Presentation information

[E] Oral

M (Multidisciplinary and Interdisciplinary) » M-IS Intersection

[M-IS02] Environmental, socio-economic and climatic changes in Northern Eurasia

convener:Pavel Groisman(NC State University Research Scholar at NOAA National Centers for Environmental Information, Asheville, North Carolina, USA), Shamil Maksyutov(National Institute for Environmental Studies), Evgeny P Gordov(Institute of Monitoring of Climatic and Ecological Systems SB RAS), Akiyo Yatagai(Hirosaki University)

[MIS02-02] Revised methane emission estimate for West Siberia based on Landsat mapping of wetland types

*Shamil Maksyutov1, Irina E Terentieva2, Alexander F Sabrekov2, Ilya Filippov3, Mikhail V Glagolev4,5 (1.National Institute for Environmental Studies, Tsukuba, Japan, 2.Institute of Ecology and Evolution, RAS, Moscow, Russia, 3.Yugra State University, Khanty-Mansyisk, Russia, 4.Institute of Forest Science, RAS, Uspenskoe, Russia, 5.M.V. Lomonosov Moscow State University, Moscow, Russia )

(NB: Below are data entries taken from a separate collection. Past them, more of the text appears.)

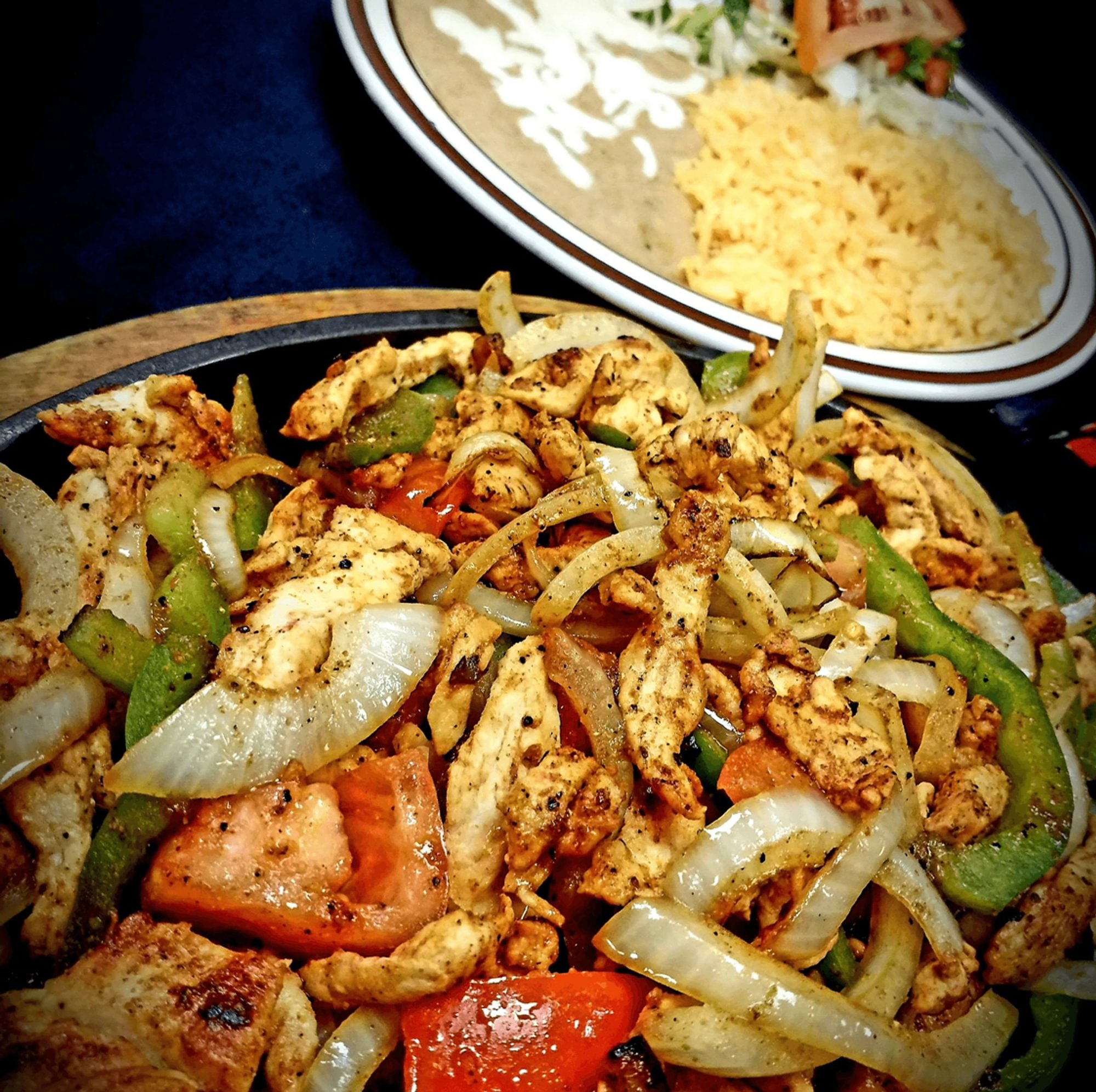 Texas Fajitas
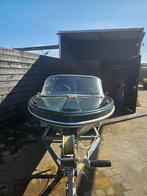 Hille delphin 350, motor, boot, mercury,, Watersport en Boten, Bootonderdelen, Ophalen of Verzenden, Zo goed als nieuw, Motorboot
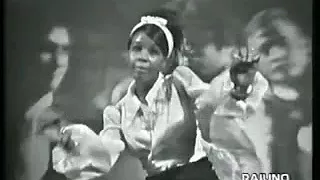 Mina The beat goes on Ballet 1968 El ballet hippie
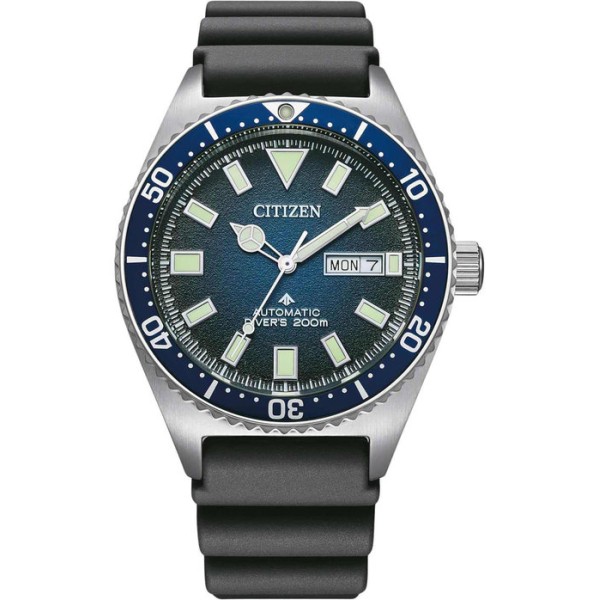 CITIZEN Promaster Divers Automatic Black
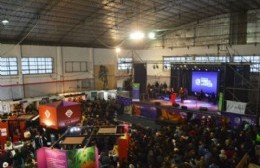 Berisso: Competencia atlética por la Fiesta del Vino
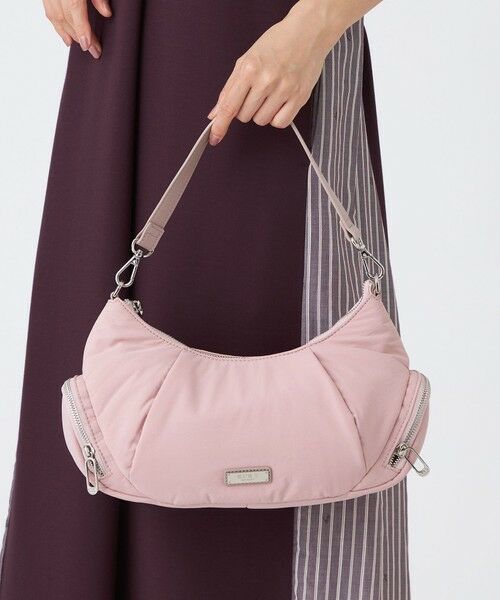 EVEX by KRIZIA / エヴェックス バイ クリツィア メッセンジャーバッグ・ウエストポーチ | エアリーショルダーバッグ | 詳細2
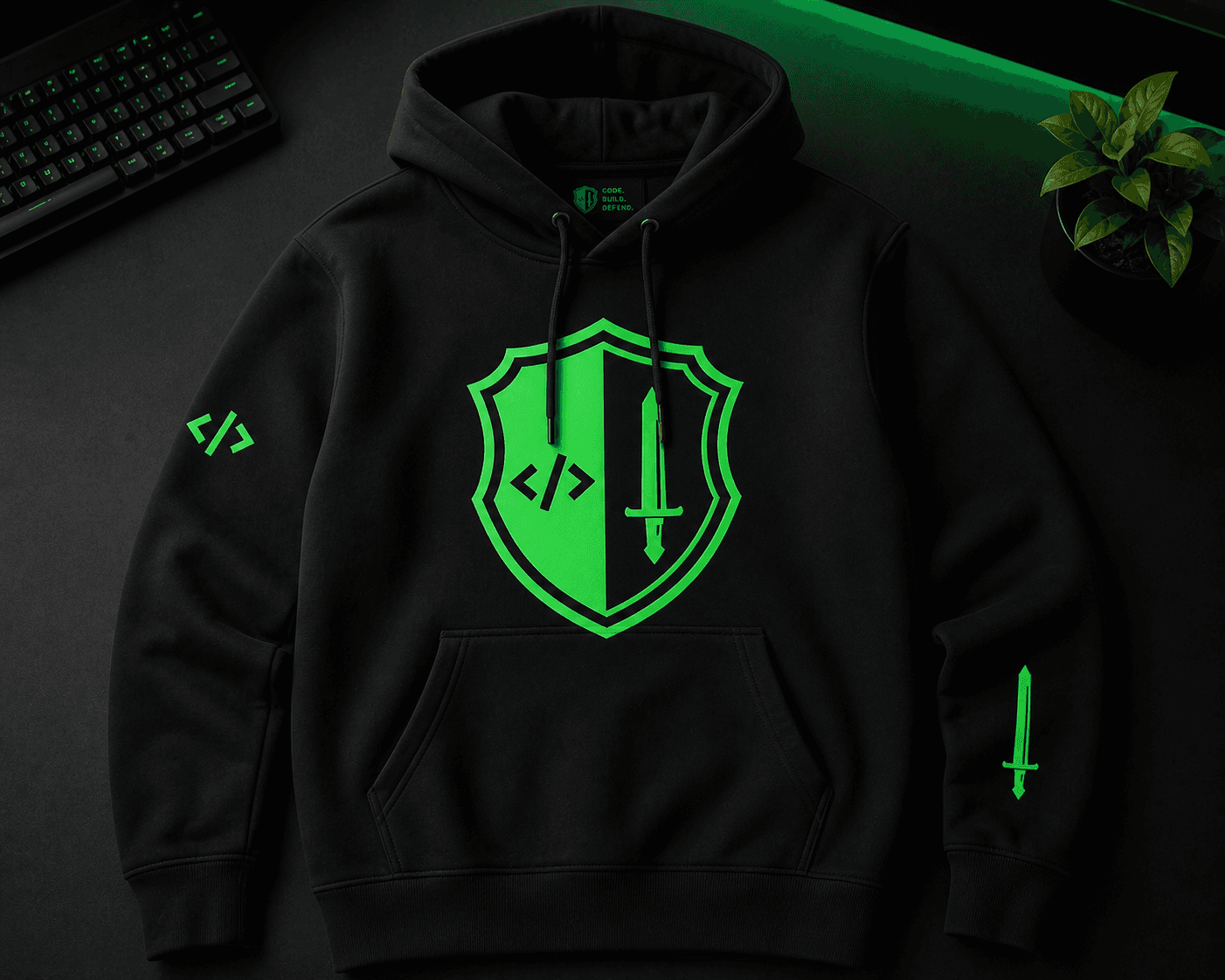 Arena Hoodie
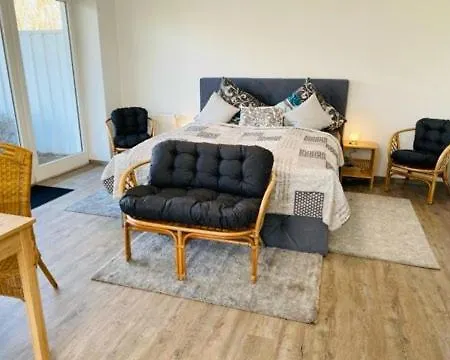 Апартаменты Appartmentanlage Zur Duene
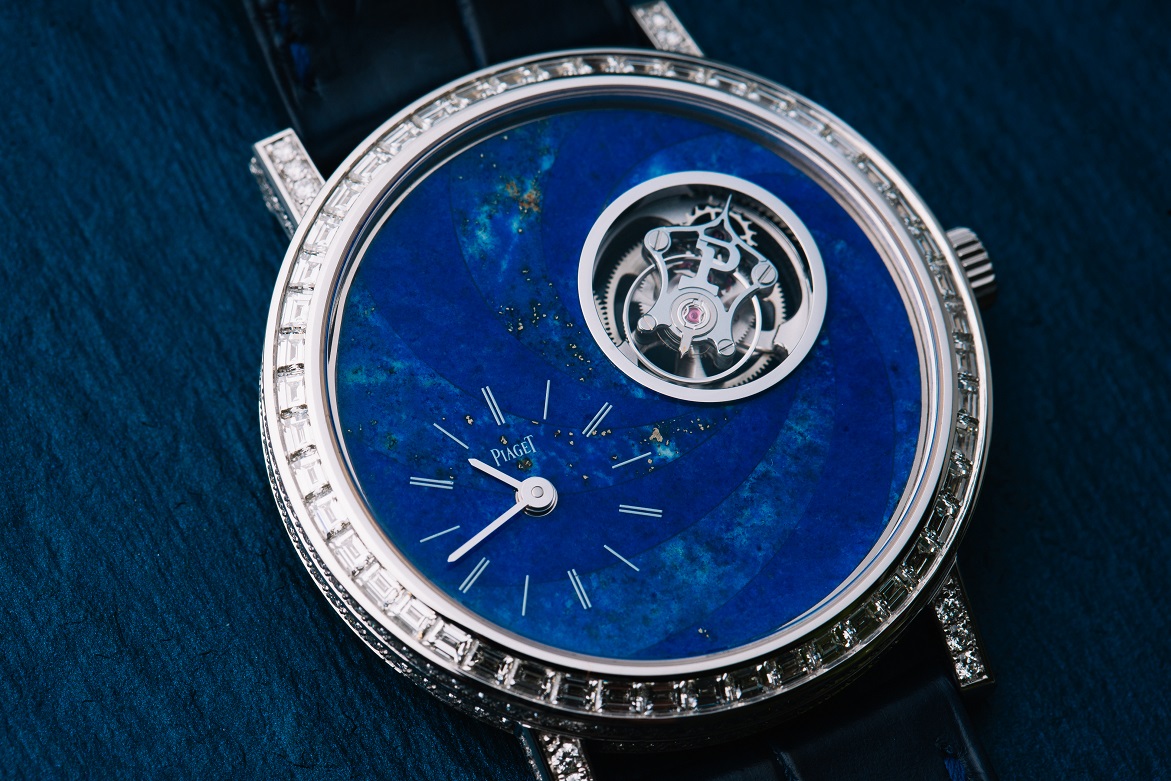 Stunning Métier d’arts Watches For 2018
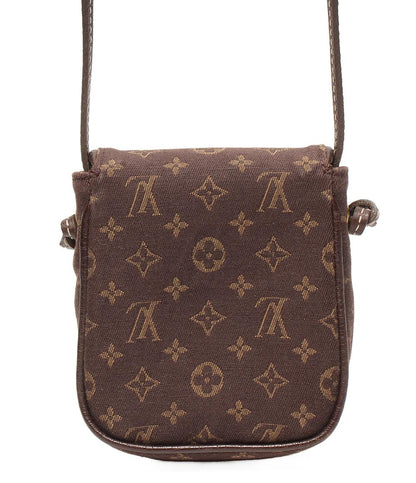 ルイ・ヴィトン ポシェット 斜め掛け ポシェット カンクーン モノグラム ミニラン M95313 レディース LOUIS VUITTON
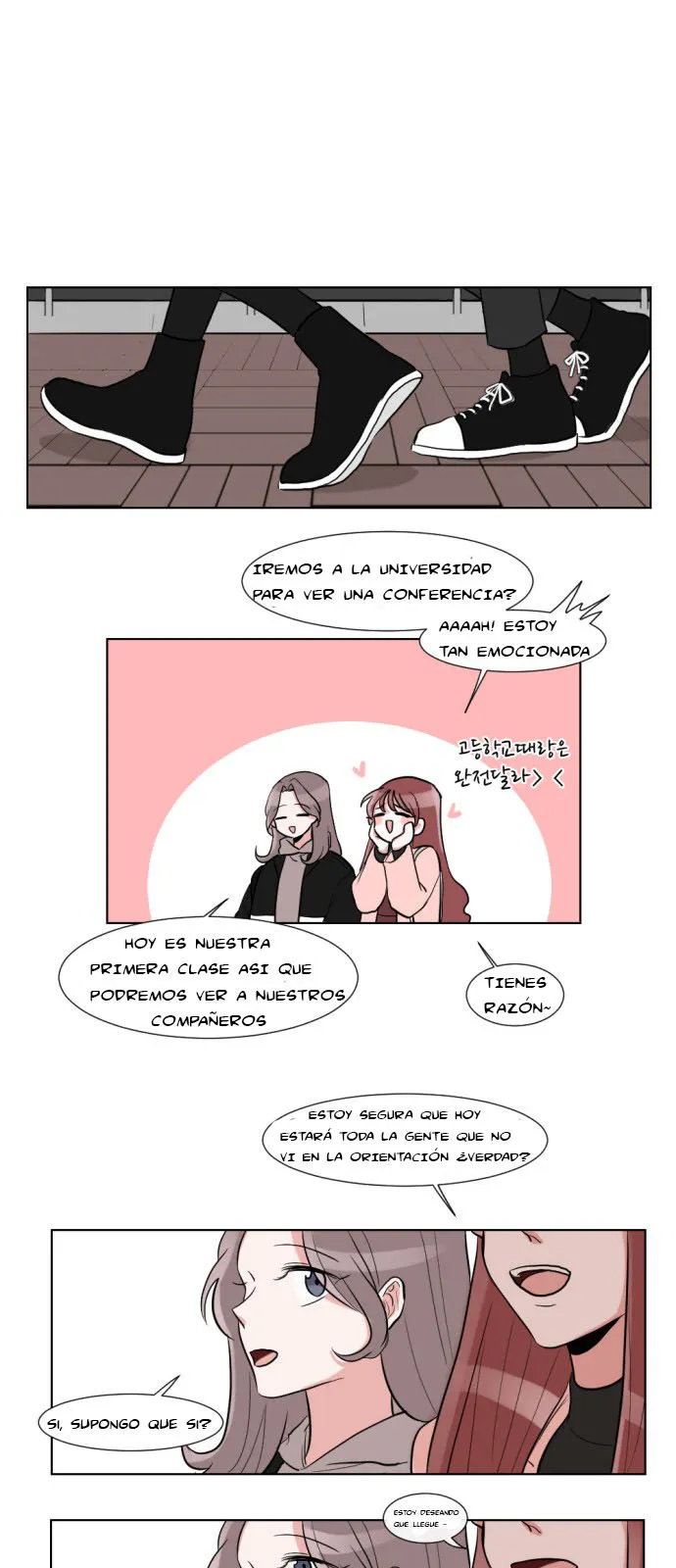 Gatabutata Capítulo 1 en Línea - página 35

Keywords:wetland mapping, Landsat, methane emissions, West Siberia

Quantifying boreal wetland extent and wetland methane emissions is important for estimating the amplitude of methane emission feedback to climate change and the relative contribution of natural and anthropogenic emissions at the national scale. Fine-scale heterogeneity of wetland landscapes and methane emission rates poses a serious challenge for producing regional-scale estimates of greenhouse gas fluxes based on point observations and wetland maps. In order to reduce emission uncertainties at the regional scale, we mapped wetlands and water bodies in the West Siberian lowland (WSL) using a supervised classification of Landsat imagery. Mapping was guided by training data composed of high-resolution images and field data collected at 41 test areas visited for observations of methane emissions with a static chamber method. The classification scheme suited for methane emission inventory included 7 wetland ecosystem types distinguishable on high resolution (1-2 m) images constituting 9 different wetland complexes distinguishable at the Landsat resolution. To support the use of 30 m Landsat images, fractional coverage of wetland ecosystems within each wetland complex type was estimated using high-resolution images. The total area of the WSL wetlands and water bodies was estimated to be 70.78 Mha. Various oligotrophic environments are dominant among wetland ecosystems, while different fens cover only 14% of the taiga area. In WSL, taiga contributes 85% to regional methane flux and tundra only 8%. Elevated environments as forested bogs and ridges emit at the lowest rates. They account for only 2% of the regional total emissions occupying almost 40% of the wetland area. Applying the new map resulted in total methane emissions of 4.6 TgCH4/yr which is higher than the earlier estimate based on paper maps, due to larger area fraction of mesotrophic open wetlands found in the middle taiga zone. The revision resulted from the changes in fractional coverages of methane emitting ecosystems due to the fill area coverage of the WSL with Landsat-based mapping.